I still have a knock but not as bad since replacing the Arb ones and x6 of the frame ones. I reckon the main subframe ones will definitely solve the knock.

Cheers for the part numbers.


----------



## Vanu

I've bought the 4 Passat bolts to change the subframe ones with them (the red ones). As I'm thinking of doing the work myself - should the suspension be in the air or can it be done with the car sitting on its wheels?


----------



## JB89

Hi Vanu,

Did you get round to replacing them, any luck?

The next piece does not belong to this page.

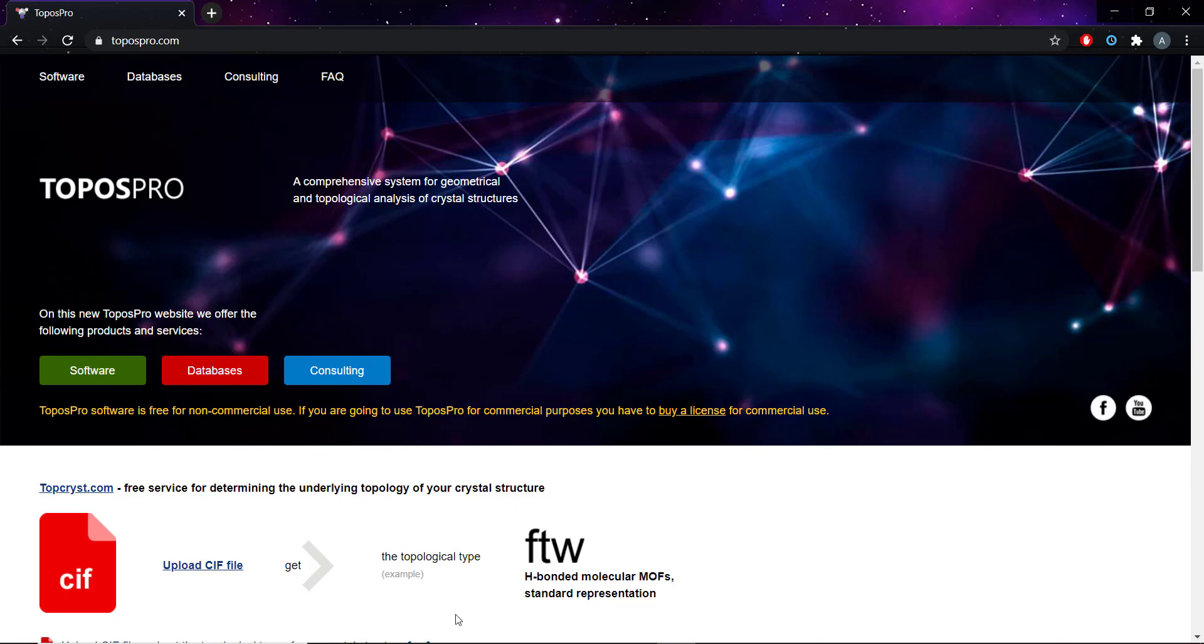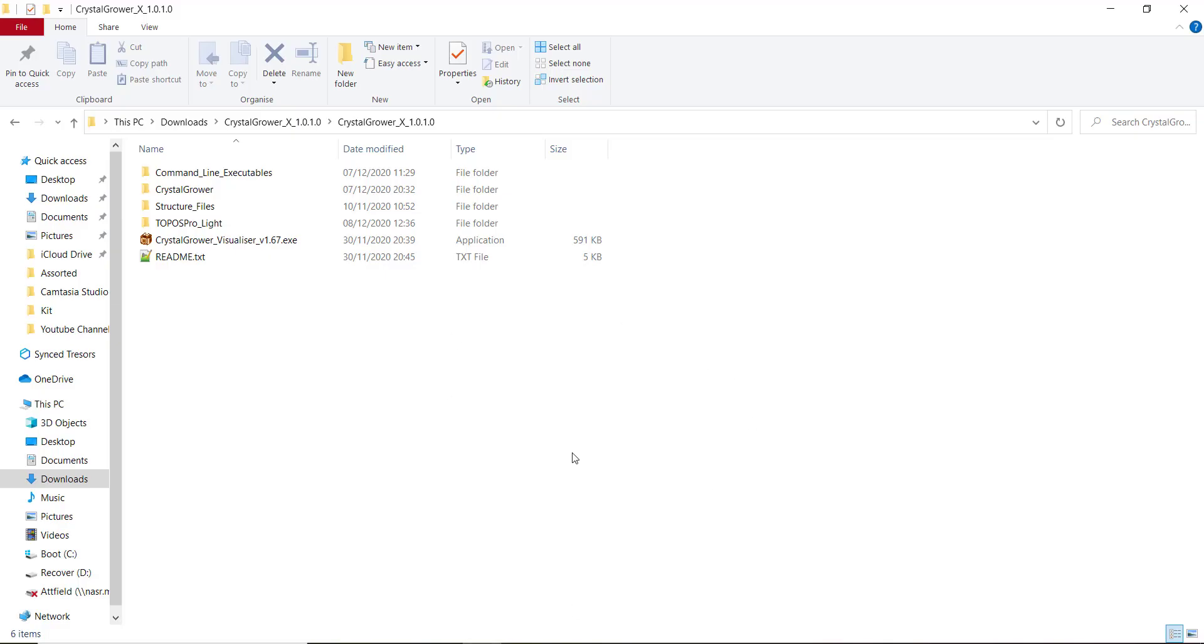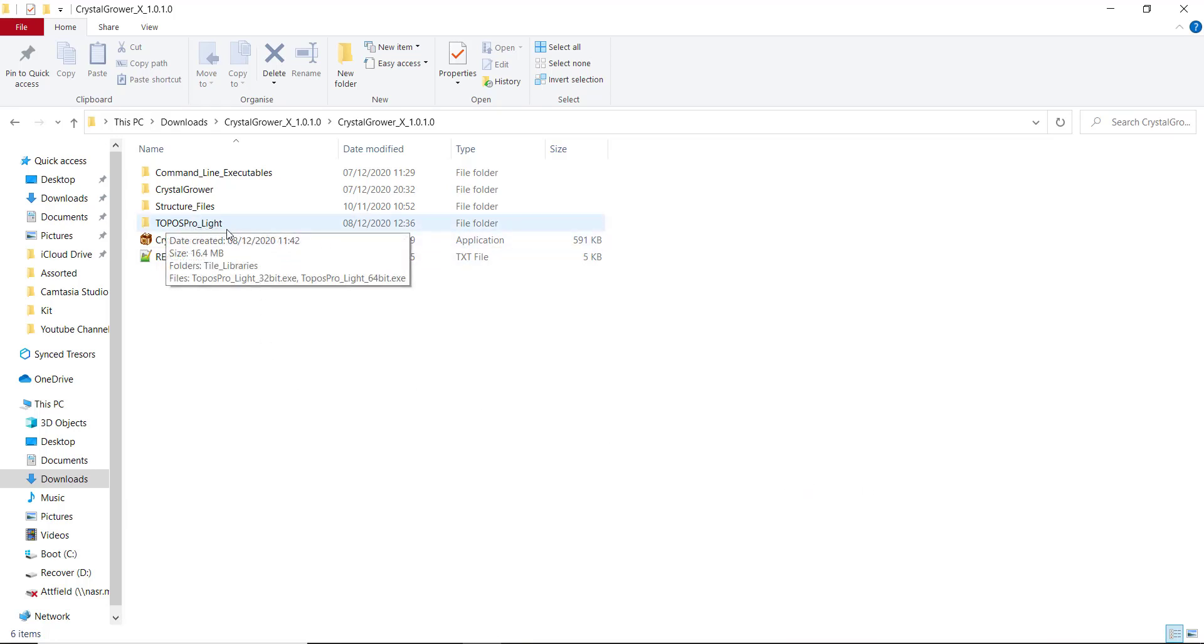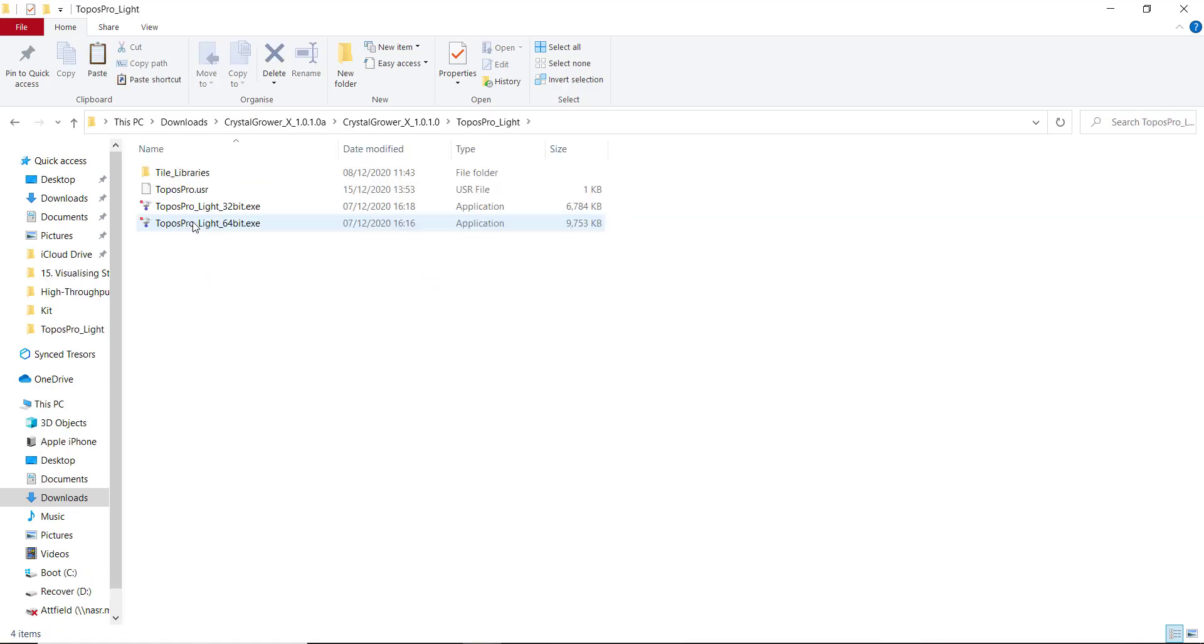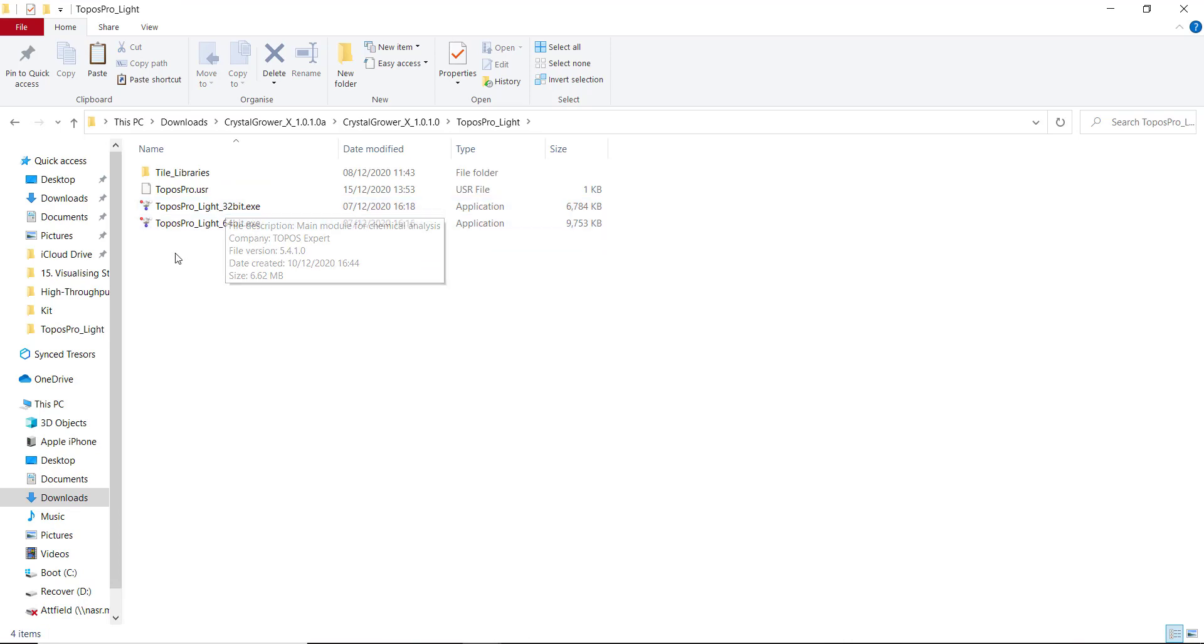When you download the zip file containing Crystal Grower, you also have this folder here, which is your ToposPro Lite. If we open this folder, you can see it contains two executables for ToposPro Lite. One being ToposPro Lite for a 64-bit system and one for a 32-bit system.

Seem to of had nothing but problems with my TT so this was put to the back of the list, but looking to get it done now!

Cheers.


----------



## SwissJetPilot

There's a couple of TSBs that might be related to this problem. Knocking sounds in vehicles are tricky as they can be in one place, but sound like there's somewhere else.

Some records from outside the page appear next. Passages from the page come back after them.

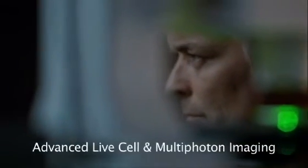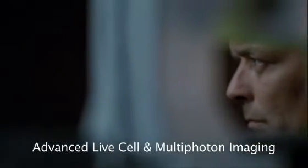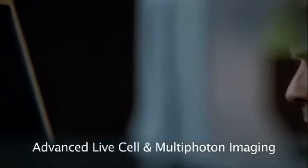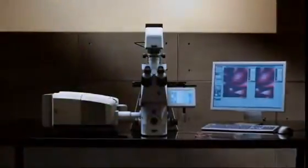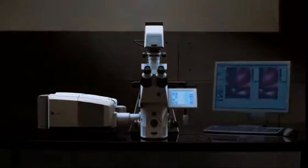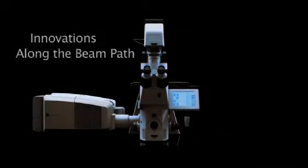It also offers optimal conditions for live cell imaging, and with its innovative detection technology and shortest light paths, the LSM 710 with NLO now delivers even deeper penetration for multi-photon imaging.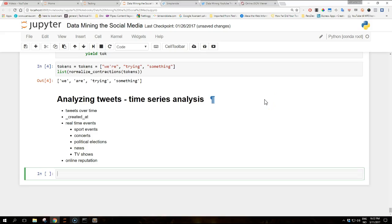Hi guys and welcome to another video on data mining the social media with Python. Today we are going to talk about analyzing tweets — time series analysis.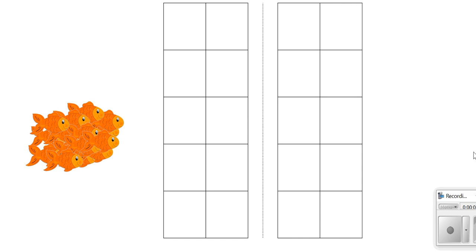Hi mathematicians, today we're going to do some counting and we are going to count a group of objects. Does anyone notice what these objects are today? That's right, it's some fish and these fish look like they're swimming.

viewtopic.php?f=19&t=1687994

viewtopic.php?f=19&t=1688209


----------



## TTThings

Hi all.. first post in what seems like a great forum.

This thread has made very interesting and helpful reading.

I have what I think is a very similar issue to that described here, but there are a couple of caveats:

- Its intermittent... doesn't happen all the time but seems more noticeable when the car is warm. The very recent warmer weather has lead me to think that its not about the engine necessarily being warm from having been run for a while, but just the general ambient temperature. In the cooler mornings, and in the wet, I don't notice the issue (at least as much).
- Its not just under steering... when I'm parking mine in the evenings the noise can be heard just in a straight line.
- the speed at which the sound is observed is generally very low, although the tyre noise on my S Line might just be concealing something at higher speeds.

I know an earlier poster on here suggested that their issue seems to come and go. Mine is definitely there and more obvious lately.

Its booked into Audi next week, I have an early slot (long wait times) so just hoping I can replicate the problem there and then.

Although its a 13 plate, My car has only 16k on the clock, I would have hoped that these issues wouldn't spring up just yet.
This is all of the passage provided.